Alkane dehydrogenation via direct and oxidative pathways has emerged as an alternative method to steam cracking for alkene production. The direct dehydrogenation pathway is highly endothermic and prone to catalyst deactivation through coke formation, while the oxidative pathway is exothermic but suffers from poor selectivity and high CO_x formation. Overcoming these challenges, selective hydrogen combustion (SHC) combines a direct dehydrogenation catalyst with one that can selectively combust hydrogen, achieving the same overall thermodynamics as oxidative dehydrogenation. This approach helps improve the yield and selectivity of alkene formation while reducing the energy costs associated with the endothermic dehydrogenation step. Here, we use density functional theory (DFT) calculations to compare the properties of Bi₂O₃, a known SHC catalyst, to V₂O₅, a known alkane combustion catalyst.
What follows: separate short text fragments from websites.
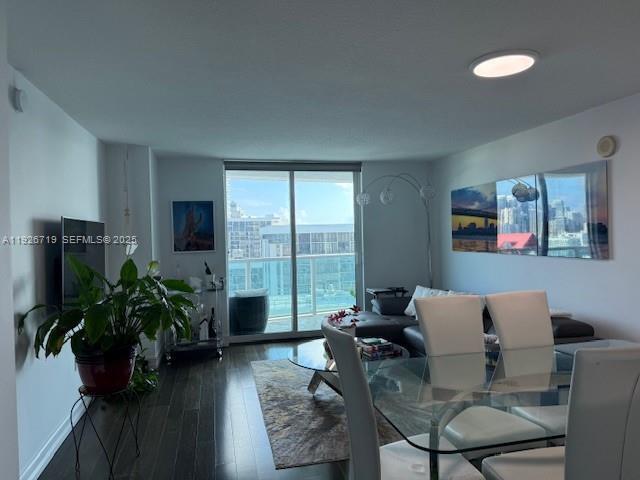 Photo - 2101 Brickell Ave Unit 2002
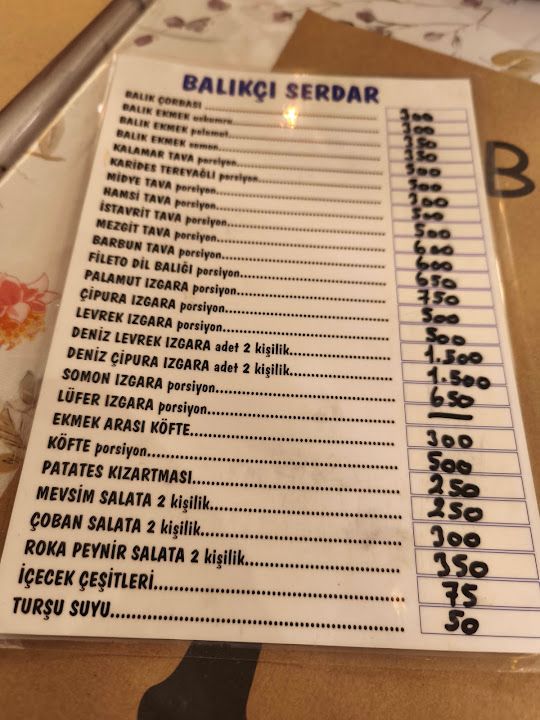 Fotoğraf 31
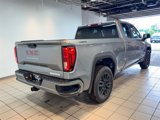 New 2026 GMC Sierra 1500 Elevation image 5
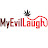 @MyEvilLaugh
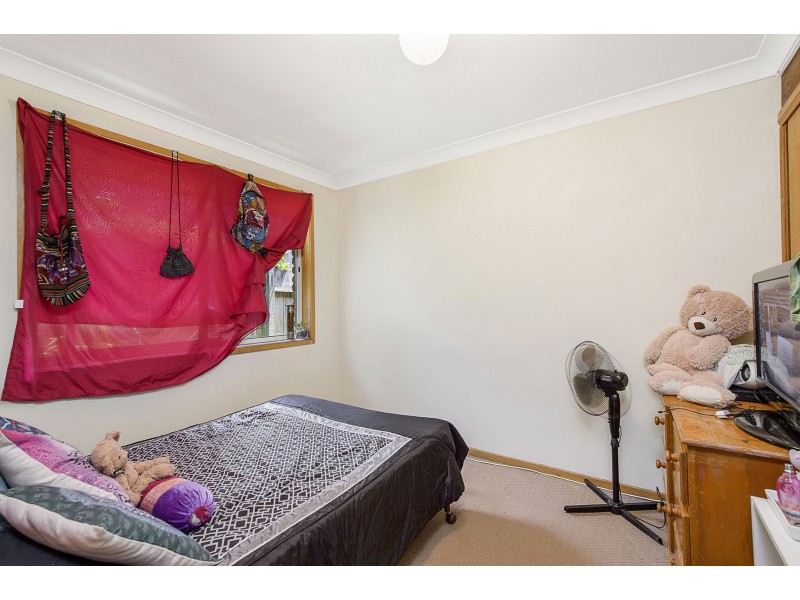 143 Pacific Drive, Port Macquarie NSW 2444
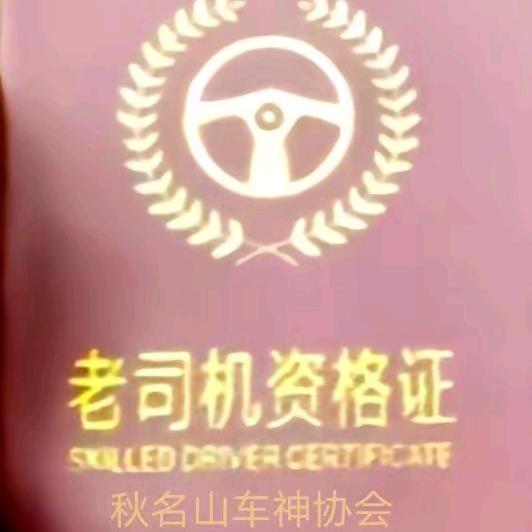 老六爱玩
These reactions can be carried out in a steady-state mode or in chemical looping mode, where dehydrogenation and SHC occur in tandem or a sequential bed, forming the desired alkene and H₂O while reducing the SHC catalyst. The SHC catalyst is reoxidized to complete the loop in a subsequent step using molecular O₂. We compare H₂ dissociation and alkane activation barriers on multiple surfaces of Bi₂O₃ and V₂O₅. Additionally, we calculate common reducibility descriptors, such as oxygen vacancy formation energies (VFE), hydrogen addition energies (HAE), and methyl-addition energies (MAE). We show that coordinatively unsaturated (cus) metal atoms, common on Bi₂O₃ but rare on V₂O_5, can bind hydrides and promote H₂ dissociation across unbound M,O pairs. Higher selectivity can be achieved if the SHC catalyst's O atoms exhibit relatively weak H-abstraction, making them less effective at activating hydrocarbons. Cus metal atoms that bind hydrides and oxygen atoms with relatively weak HAE energies—contribute to the high rates of H₂ combustion relative to alkane combustion on stoichiometric oxide surfaces.